WORK INSTRUCTIONS:
From the first line to the last, restate the data word for word.

[Opening INPUT FOR THIS TASK section]

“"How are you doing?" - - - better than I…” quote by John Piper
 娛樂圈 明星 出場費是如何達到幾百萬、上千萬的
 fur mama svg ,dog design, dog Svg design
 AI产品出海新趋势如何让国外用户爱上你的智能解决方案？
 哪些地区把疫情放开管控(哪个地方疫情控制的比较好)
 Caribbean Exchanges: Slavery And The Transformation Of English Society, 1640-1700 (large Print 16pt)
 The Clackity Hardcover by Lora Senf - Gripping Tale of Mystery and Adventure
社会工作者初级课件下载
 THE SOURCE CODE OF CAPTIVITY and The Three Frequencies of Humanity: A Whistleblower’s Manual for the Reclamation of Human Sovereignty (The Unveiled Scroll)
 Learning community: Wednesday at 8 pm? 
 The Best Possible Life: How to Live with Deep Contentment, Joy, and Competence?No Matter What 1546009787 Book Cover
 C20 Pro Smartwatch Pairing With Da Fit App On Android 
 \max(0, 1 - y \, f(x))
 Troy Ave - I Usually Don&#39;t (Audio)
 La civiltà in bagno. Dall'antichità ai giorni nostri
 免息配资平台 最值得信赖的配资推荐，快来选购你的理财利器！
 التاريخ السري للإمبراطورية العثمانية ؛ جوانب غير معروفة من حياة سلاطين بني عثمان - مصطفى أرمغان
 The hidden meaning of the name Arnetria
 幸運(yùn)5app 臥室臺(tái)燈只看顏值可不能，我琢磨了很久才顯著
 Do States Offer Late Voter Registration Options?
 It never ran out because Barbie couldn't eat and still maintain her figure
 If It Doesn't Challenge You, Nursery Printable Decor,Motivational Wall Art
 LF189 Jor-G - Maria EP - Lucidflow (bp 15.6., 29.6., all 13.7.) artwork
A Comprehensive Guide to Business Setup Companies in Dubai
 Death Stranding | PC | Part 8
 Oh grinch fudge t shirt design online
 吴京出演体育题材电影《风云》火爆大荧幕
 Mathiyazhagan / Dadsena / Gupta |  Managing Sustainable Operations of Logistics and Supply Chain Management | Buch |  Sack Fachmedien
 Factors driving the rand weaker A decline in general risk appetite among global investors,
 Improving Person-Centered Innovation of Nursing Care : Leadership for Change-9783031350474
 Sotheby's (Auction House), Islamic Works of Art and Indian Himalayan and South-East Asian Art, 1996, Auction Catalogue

[Closing INPUT FOR THIS TASK section]

EXERCISE SOLUTION:
“"How are you doing?" - - - better than I…” quote by John Piper
 娛樂圈 明星 出場費是如何達到幾百萬、上千萬的
 fur mama svg ,dog design, dog Svg design
 AI产品出海新趋势如何让国外用户爱上你的智能解决方案？
 哪些地区把疫情放开管控(哪个地方疫情控制的比较好)
 Caribbean Exchanges: Slavery And The Transformation Of English Society, 1640-1700 (large Print 16pt)
 The Clackity Hardcover by Lora Senf - Gripping Tale of Mystery and Adventure
社会工作者初级课件下载
 THE SOURCE CODE OF CAPTIVITY and The Three Frequencies of Humanity: A Whistleblower’s Manual for the Reclamation of Human Sovereignty (The Unveiled Scroll)
 Learning community: Wednesday at 8 pm? 
 The Best Possible Life: How to Live with Deep Contentment, Joy, and Competence?No Matter What 1546009787 Book Cover
 C20 Pro Smartwatch Pairing With Da Fit App On Android 
 \max(0, 1 - y \, f(x))
 Troy Ave - I Usually Don&#39;t (Audio)
 La civiltà in bagno. Dall'antichità ai giorni nostri
 免息配资平台 最值得信赖的配资推荐，快来选购你的理财利器！
 التاريخ السري للإمبراطورية العثمانية ؛ جوانب غير معروفة من حياة سلاطين بني عثمان - مصطفى أرمغان
 The hidden meaning of the name Arnetria
 幸運(yùn)5app 臥室臺(tái)燈只看顏值可不能，我琢磨了很久才顯著
 Do States Offer Late Voter Registration Options?
 It never ran out because Barbie couldn't eat and still maintain her figure
 If It Doesn't Challenge You, Nursery Printable Decor,Motivational Wall Art
 LF189 Jor-G - Maria EP - Lucidflow (bp 15.6., 29.6., all 13.7.) artwork
A Comprehensive Guide to Business Setup Companies in Dubai
 Death Stranding | PC | Part 8
 Oh grinch fudge t shirt design online
 吴京出演体育题材电影《风云》火爆大荧幕
 Mathiyazhagan / Dadsena / Gupta |  Managing Sustainable Operations of Logistics and Supply Chain Management | Buch |  Sack Fachmedien
 Factors driving the rand weaker A decline in general risk appetite among global investors,
 Improving Person-Centered Innovation of Nursing Care : Leadership for Change-9783031350474
 Sotheby's (Auction House), Islamic Works of Art and Indian Himalayan and South-East Asian Art, 1996, Auction Catalogue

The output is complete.